A base station in a time-division duplexing (TDD) wireless network uses a high-speed transmit-receive (T/R) switch to alternately couple the antenna to the transmit path during transmit periods and to the receive path during receive periods. Conventional base stations generally use pin-diode switch modules as transmit-receive switches. Circulators have been used in the past for time duplexing of radar signals, but are generally not used in base stations.
FIG. 1A illustrates selected portions of conventional base station 100A according to one embodiment of the prior art. Base station 100A comprises time-division duplexing (TDD) transceiver (X-CVR) 110, pin-diode switch module 115, and antenna 150. TDD transceiver 110 comprises a transmit path and a receive path. The transmit path of TDD transceiver 110 comprises transmit (XMIT) circuitry 111, power amplifier (PA) 112, low-noise amplifier (LNA) 121, and receive (RCV) circuitry 122.
Pin-diode switch module 115 comprises capacitor 125, inductor 130, capacitor 135, pin-diode 140, capacitor 145, quarter-wave (λ/4) transmission line 155, pin diode 160, and capacitor 165. A T/R switch control signal from a base transceiver subsystem (BTS) controller (not shown) is coupled to a filtered bias line (i.e., capacitor 135 and inductor 130) that turns pin-diode 140 on during transmission and off during reception. During transmit periods, quarter-wave transmission line 155 and pin-diode 160 present a high impedance (or open circuit) to the transmit signal from power amplifier 112. During receive periods, quarter-wave transmission line 155 and the off-state (open) pin-diode 160 in parallel with the LNA input impedance (e.g., 50 ohms) present a 50 ohm impedance to the receive signal from antenna 150.
Unfortunately, however, pin-diode 140 in the transmitter path is the cause of high transmitter insertion loss (e.g., 0.75 dB to 1.5 dB) and high levels of harmonics and third-order inter-modulation products. The harmonics and inter-modulation products are caused by the non-linear characteristics of pin-diode 140.
FIG. 1B illustrates selected portions of a conventional radar system according to an alternate embodiment of the prior art. Radar system 100B comprises transmitter 180, receiver 185, circulator 190 and antenna 195. Circulator 190 has three ports, namely Port 1, Port 2 and Port 3. Signals entering one of the ports follow the circling arrow and exit at the next port.
Thus, in the ideal case, transmit signals from transmitter 180 enter Port 1 and are emitted at Port 2 to antenna 195, and no portion of the transmit signal is emitted at Port 3 to receiver 185. Also, in the ideal case, receive signals from antenna 195 enter Port 2 and are emitted at Port 3 to receiver 185, and no portion of the receive signal is emitted at Port 1 to transmitter 180.

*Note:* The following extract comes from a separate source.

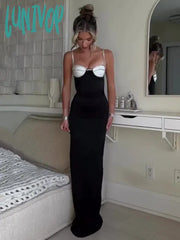 Lunivop Fashion Sexy Diamond Spaghetti Strap Bodycon Design Wedding Birthday Evening Cocktail Party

However, a circulator by itself cannot protect the receiver input in the case of high antenna voltage standing wave ratio (VSWR). A high VSWR antenna condition reflects part or all of the transmit signal-power directly into receiver 185, which can damage the low-noise amplifier. A secondary problem is that, even though there is no transmit signal during receive mode, the output of transmitter 180 has substantial noise present due mostly to high transmitter gain. This noise can reflect off antenna 195, enter receiver 185, and desensitize receiver 185 due to decreased signal-to-noise ratio (SNR). Thus, the circulator configuration in FIG. 1B is not a good solution for high power transmitters, unless it is certain that antenna VSWR is low prior to transmitting.
Therefore, there is a need in the art for improved base stations for use in time-division duplexing (TDD) wireless networks. In particular, there is a need for an improved transmit-receive switch for use in a base transceiver subsystem of a TDD wireless network.